Chapter 6 - Rick's Airplane
 
Chapter 6
 
Fuselage Assembly
 
 
  firewall and frame          firewall and side  
Temporary Firewall on a square and level bondo'ed to floor fueslage jig. Fuselage side mounted to firewall with counter balance weights on jig.
 
  f22 side and firewall          f22 f28 instrument panel  
F22 begins to go into place. Clamps used to help keep things straight and level while glassing parts.
 
  landing gear sump          landing gear sump2  
My landing gear area is to become a sump tank.  I'm using infinity retracts. All of my bulkheads are 4 inches wider than the plans.
 
  landing gear sump 3          support map fuel sw  
Landing gear area modified to be used for fuel sump tank. No landing gear. My map pocket and seat support area are 1 inch wider.  Fuel valve shown.
 
  3 way fuel vale          sump pic 1  
Three way valve (left tank, both, right tank, and off.  Later removed. Outer shell of center fuel sump tank.  When complete it holds 4.75 gallons.
 
  fuel sump 2          seat back  
Fuselage sides together.   Level  front to rear and side to side. The seat back is back one inch from plans.  Heat duct one inch wider.
 
  instument panel          fuselage bottom waiting for it's bottom :)  
Heat duct connected to instrument panel. Leg holes are 2" wider each side. Fuselage sits bottom up on sawhorse stands awaiting the bottom.
 
  on jig ready for bottom tracing.          tracing complete  
Bottom panels formed on jig to be place on fuselage and traced. Bottom has been traced onto the foam.  Measurements checked.
 
  bottom foam shaped          Bottom floxed and weighted on.  
Foam shapes microed onto foam bottom and held in place by weights, finishing nails and clamps.  I then microed and glassed the whole bottom. I strengthened areas where you would stand when climbing in the plane with fiberglass mat. The bottom is floxed onto the fuselage bottom and heavily weighted with bricks, heavy wire spools, weights, and car jacks.
 
  Things I learned:

Measurements should be as accurate as possible.  A 1% accuracy is good enough.  Don't sweat being off an 1/8 inch over a 10 foot length. Don't let the perfect get in the way of the good enough. Wipe off any excess micro or resin where it is not needed.  It's easier to do that than to file and sand later.  Denatured alcohol works well for cleanup. I learned to heavily weight the bottom on to gaurantee a good bond across the whole bottom.  It makes it nice.  I saw this on another site first. I spent lots of time on the seat back support.  I didn't like fuel lines in the cockpit.  I eventually removed the fuel valve.  I think it was unsafe where it was. I learned there are some opinionated people on the user groups that may be wrong.  When I wasn't sure,  I asked many people then formulated my answer. Paint brushes can be used again if I wrap them in saran wrap and place them in the freezer.

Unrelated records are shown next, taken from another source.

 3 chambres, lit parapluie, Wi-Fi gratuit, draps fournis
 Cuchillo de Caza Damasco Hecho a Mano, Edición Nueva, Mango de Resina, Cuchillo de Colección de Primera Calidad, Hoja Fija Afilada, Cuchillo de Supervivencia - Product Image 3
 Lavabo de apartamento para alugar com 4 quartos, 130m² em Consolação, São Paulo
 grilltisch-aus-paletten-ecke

The most important technique I learned early on is to make bid tapes on foil.  I learned I can save them in a freezer and use them when I need them. The aluminum foil helps mold the glass in the shape it is needed.   The foil easily peels off once the tapes are pressed into place.  I can draw lines on the foil with a pen before applying the fiberglass and resin.  I can use that line to cut my tapes to the desired width once they are wetted. I cut the tapes with a "pizza" knife.

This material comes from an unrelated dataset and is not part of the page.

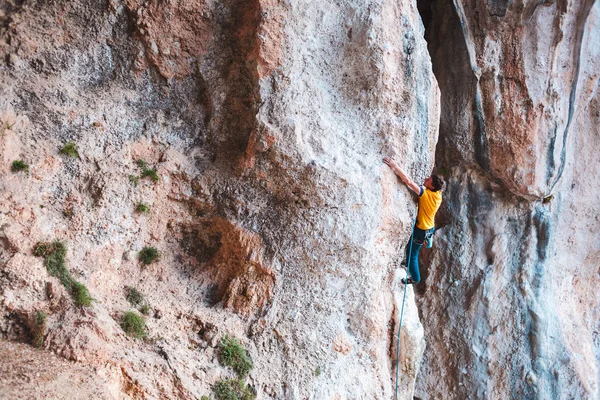 Homme Grimpe Rocher Escalade Dans Nature Fitness Extérieur Mode Vie — Photo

I also learned of the importance of using peel-ply on every part.  I found some great low cost fabric at the fabric store that works great. (Dacron) The peel ply helps hold the glass/resin in place, it helps you not have too much resin on the part, and after the glass is cured it peels off easy and leaves a nice finish.

JD Newman of Infinity Aerospace was way helpful with hints and tips to do better glass work.  He covers some of this in his retractable landing gear installation video.